Naturalisé allemand en janvier 2022, il se lance dans une campagne de porte-à-porte pour «écouter les préoccupations des gens». Il leur promet de numériser l’administration, de débureaucratiser, d’augmenter des offres de crèche et de réimplanter le supermarché disparu avec la crise sanitaire. «A aucun moment, mon passé de réfugié n’a joué un rôle, assure-t-il. Il n’y a eu aucun incident avec l’extrême droite.» Certains ont été tentés de le discréditer en prétendant qu’il était un extrémiste islamiste alors que Ryyan Alshebl ne se considère même pas comme musulman. «La religion ne joue aucun rôle pour moi.» Il n’est pas non plus militant du Parti des travailleurs du Kurdistan, comme l’ont affirmé certains. «La première fois que j’ai rencontré un Kurde, c’était en Allemagne.» En Syrie, ils vivent d’ailleurs à plus de 1 000 kilomètres de Soueïda, sa ville natale et la «capitale» des Druzes de Syrie (3 à 4 % de la population), dont il fait partie.

«Message de tolérance et d’ouverture»

Sans étiquette politique (mais membre du parti écologiste), il est élu triomphalement le 2 avril au premier tour avec 55 % des voix contre deux autres candidats «du cru», Marco Strauss et Mathias Fey. «Ce n’est pas évident [de gagner] dans une région rurale marquée par le conservatisme.» La nouvelle se répand dans le monde entier. «Je pensais que j’allais pouvoir me reposer après la campagne. C’est le contraire qui s’est produit : le soir même, nous avions soixante demandes d’interviews de la presse internationale.»

Il n’a jamais revu le «pays de son enfance». Il y pense souvent mais sa vie se construit maintenant en Allemagne. Il n’a pu revoir qu’une seule fois ses parents et un frère restés en Syrie. Ils se sont retrouvés au Liban, le seul pays qui leur accorde à tous un visa. «C’était le point d’orgue de mon année 2022», dit-il.

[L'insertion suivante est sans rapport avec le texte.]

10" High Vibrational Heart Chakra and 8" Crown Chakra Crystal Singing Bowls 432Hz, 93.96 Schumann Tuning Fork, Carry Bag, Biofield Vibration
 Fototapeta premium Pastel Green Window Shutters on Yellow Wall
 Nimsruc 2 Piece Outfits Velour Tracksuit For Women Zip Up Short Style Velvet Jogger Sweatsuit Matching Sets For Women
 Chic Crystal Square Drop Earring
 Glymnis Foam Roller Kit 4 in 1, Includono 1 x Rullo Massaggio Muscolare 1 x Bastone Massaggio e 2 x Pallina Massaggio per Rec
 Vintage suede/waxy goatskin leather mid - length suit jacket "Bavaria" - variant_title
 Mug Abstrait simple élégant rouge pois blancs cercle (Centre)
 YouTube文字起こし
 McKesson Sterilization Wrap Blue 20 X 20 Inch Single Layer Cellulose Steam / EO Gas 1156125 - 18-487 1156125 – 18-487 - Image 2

Depuis, Ryyan Alshebl est devenu le symbole de l’intégration réussie de millions de migrants arrivés en Allemagne depuis 2015. «Le vote d’Ostelsheim doit être interprété comme un message de tolérance et d’ouverture», estime-t-il. Et encourager d’autres personnes issues de l’immigration à briguer des postes à responsabilités politiques. A partir de lundi, il devra s’occuper notamment des réfugiés arrivés après lui, dont beaucoup d’Ukrainiens. «Le problème, ce n’est pas de savoir s’il faut les aider, c’est d’avoir les moyens de le faire», dit-il pragmatiquement. Depuis son arrivée en Allemagne, plus de 2,6 millions de réfugiés ont déposé une demande d’asile dans le pays. Comme il l’avait fait lui-même en 2015.